Roxanne Swentzell (born 1962, Taos, New Mexico) is a renowned Santa Clara Pueblo ceramic sculptor. Swentzell is known for her rounded figures of indigenous people, primarily women. Her mother, Rina Swentzell is a noted Native Americana artist, author[1] and scholar.

Roxanne Swentzell loved art from an early age. As a child, Swentzell struggled with a speech impediment that prevented her from communicating.[2] Unable to articulate her emotions through words she began to make miniature figures in clay to convey her feelings. The sculptures she created as a means to express herself to others continues to be her primary artistic medium to date.

While still in high school, Swentzell attended the Institute for American Indian Arts in Santa Fe, New Mexico. In 1979, the young artist left home for the Portland Museum Art School Art School because of its emphasis on the human figure.[3] At the Portland Museum Art School she progressively grew unhappy. After one year in Portland, the homesick Swentzell returned to Santa Clara Pueblo.[3] Back in her native soil she began to build her family and home while her creativity flourished.

Swentzell’s clay sculptures have moved and delighted audiences around the world. Her artistic endeavors have won Swentzell numerous awards since her early twenties.

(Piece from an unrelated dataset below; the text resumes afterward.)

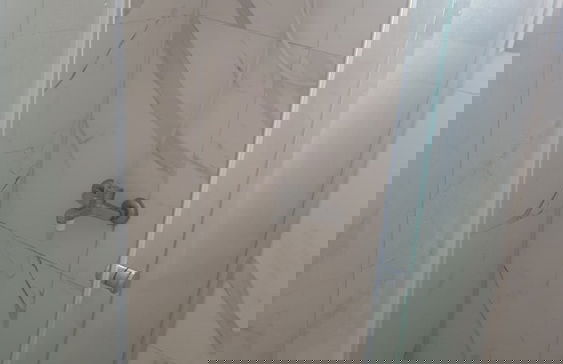 Çeşme holiday homes - Foto 75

Swentzell’s first display of her work was at the annual Indian Market in Santa Fe in 1984; two years later she won a total of eight awards for her sculpture and pottery at the same event.[4] In 1994, Swentzell also won the Market’s Creative Excellence in Sculpture award. Swentzell’s work has a contemporary twist while still being grounded in her Native American history with reflects a deep respect for the earth, family, and tradition. Her sculptures have showcased at the White House in Washington, D.C. and in galleries and museums worldwide.[5] Some of her permanent installations are at the Smithsonian’s National Museum of the American Indian, Cartier in Paris, the Santa Fe Convention Center, and the Museum of Wellington in New Zealand.[5]

Biography[edit]

Early Life

Roxanne Swentzell was born on December 9, 1962 in Taos, New Mexico, a Pueblo located in a tributary valley off the Rio Grande. Her parents Ralph and Rina Swentzell nurtured and facilitated Swentzell’s interest in art early on in her life. Her father was a philosophy professor of German descent at St. John’s College. Her mother, Rina Swentzell, is a distinguished activist, scholar, and architect who came from a Santa Clara Pueblo family of artists. Roxanne’s uncle, Tito Naranjo, is a scholar and artist. Michael Naranjo, another uncle, is a well-recognized sculptor who was blinded in the Vietnam War. Two of Swentzell’s aunts, Jody Folwell and Nora Naranjo-Morse, are admired potters in the art community.[6]

As a young child Swentzell began to experiment with clay, creating tiny figures to convey her feelings. Roxanne found it exceedingly difficult to communicate through speech because of a speech impediment. The desperate need to express her feelings provoked her to collect scraps of clay from her mother, a potter, to create figures to illustrate her feelings. When she was in first grade, Swentzell molded a small clay school desk with sad, weeping little girl slouched in it. The sculpture was meant to explain her unhappiness at school to her mother. Sculpting became Swentzell’s primary means of communication: an emotional outlet and safe haven to express her feelings. Swentzell’s teachers were amazed by her clay figures and took a special interest in developing her talents as a young sculptor.[3]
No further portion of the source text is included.